When you reach the line that contains "Lorna Hall's real", begin copying exactly and continue through the last line below. Do not copy pictures.

Start of Input records

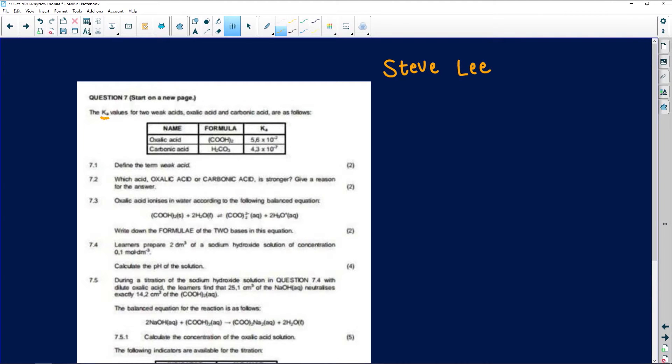Question 7 is about Ka — the minute you see Ka, think acids and bases. The Ka values for two weak acids, oxalic acid and carbonic acid, are given. When talking about weak acids you need to know where they come from. Going back to Grade 11, we learned about the Lowry-Brønsted and Lewis theories — these theorists discussed weak and strong acids, how some acids ionize completely while others don't, and which indicators to use.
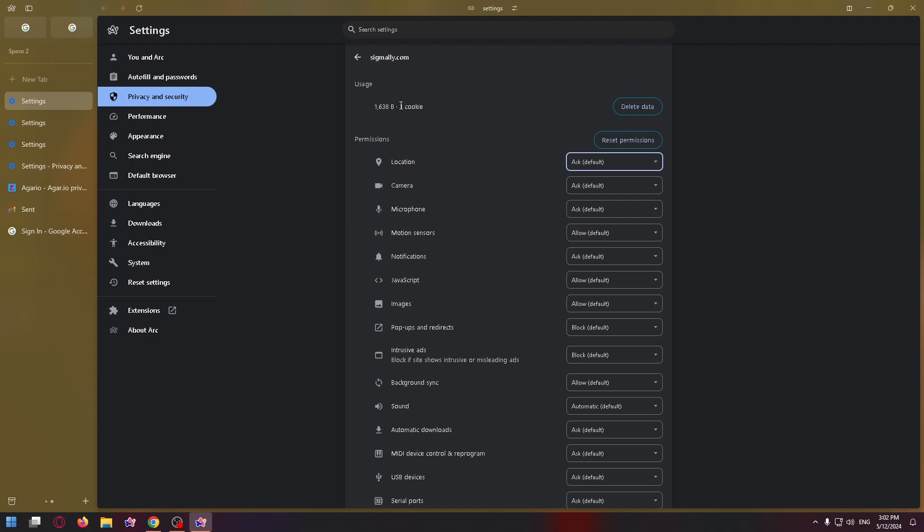So right up here we can delete data and change permissions. For example, we can allow location for this website or camera and so on.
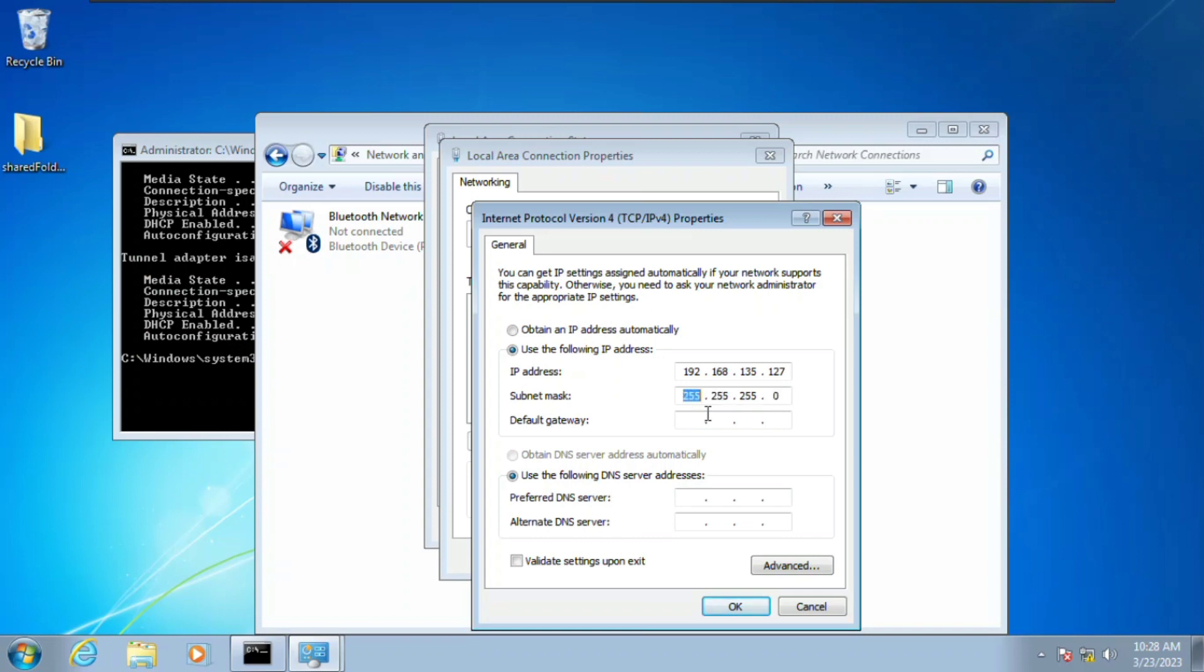That's 127, and here the default gateway is going to be 192.168.135.2. And then our DNS server is going to take the same address which is 192.168.135.2, but also put in here 8.8.8.8 for network as Google.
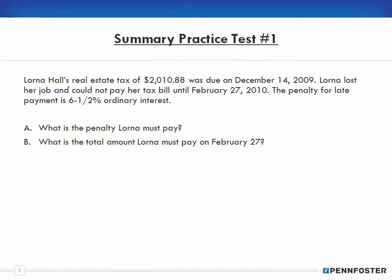Lorna Hall's real estate tax of $2,010.88 was due on December 14th, 2009. Lorna lost her job and could not pay her tax bill until February 27th, 2010. The penalty for late payment is six and a half percent ordinary interest — so that's our rate, and the penalty is treated as interest.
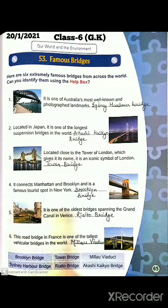Good morning class and welcome to our online classes. I am your GK teacher and today we are going to start a new chapter, that is Chapter 53: Famous Bridges. Here are many bridges, their names, their identification — you have to identify them and you have to name them.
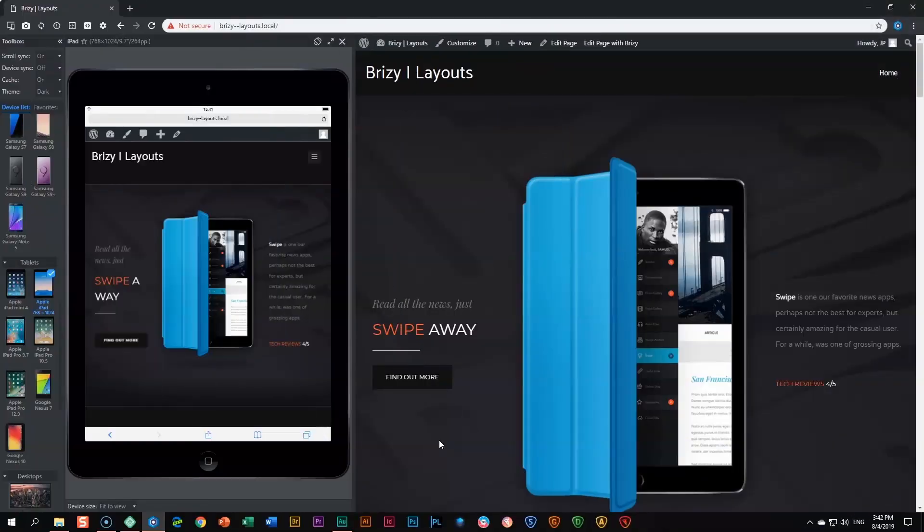Welcome to another episode of Layouts and Brizzy. I am JP with Brizzy, and today we are looking at one of those layouts that come with Brizzy Pro.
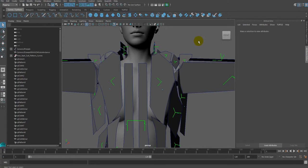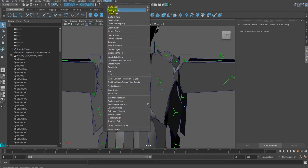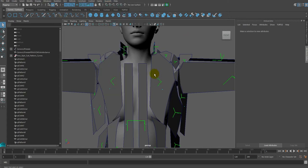Create Seam is a command that makes a seam on a costume mesh that is made with Cloth's Create Pattern.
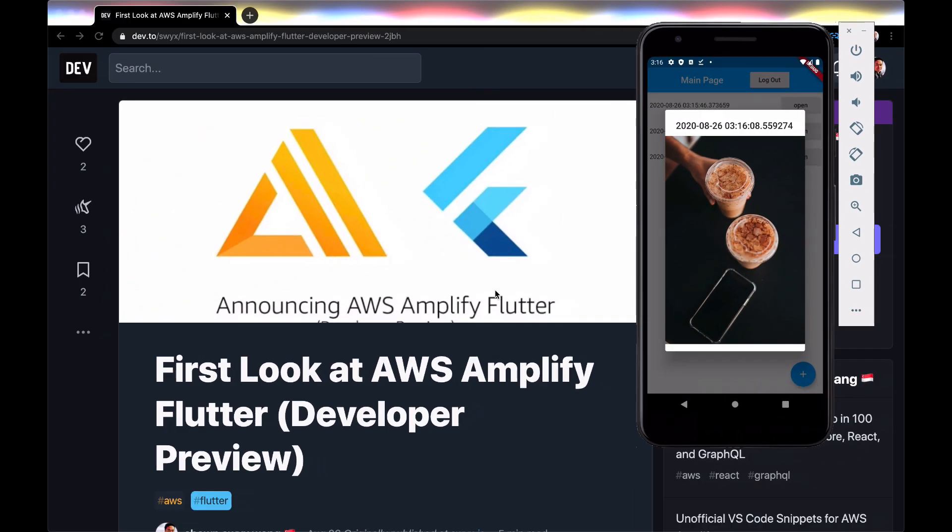And that's it for my Amplify Flutter demo. If you want more information, check out the blog post on Dev2, and let me know what other videos you want to see. Bye.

End of Input records

### Finished exercise
Lorna Hall's real estate tax of $2,010.88 was due on December 14th, 2009. Lorna lost her job and could not pay her tax bill until February 27th, 2010. The penalty for late payment is six and a half percent ordinary interest — so that's our rate, and the penalty is treated as interest.
Good morning class and welcome to our online classes. I am your GK teacher and today we are going to start a new chapter, that is Chapter 53: Famous Bridges. Here are many bridges, their names, their identification — you have to identify them and you have to name them.
Welcome to another episode of Layouts and Brizzy. I am JP with Brizzy, and today we are looking at one of those layouts that come with Brizzy Pro.
Create Seam is a command that makes a seam on a costume mesh that is made with Cloth's Create Pattern.
And that's it for my Amplify Flutter demo. If you want more information, check out the blog post on Dev2, and let me know what other videos you want to see. Bye.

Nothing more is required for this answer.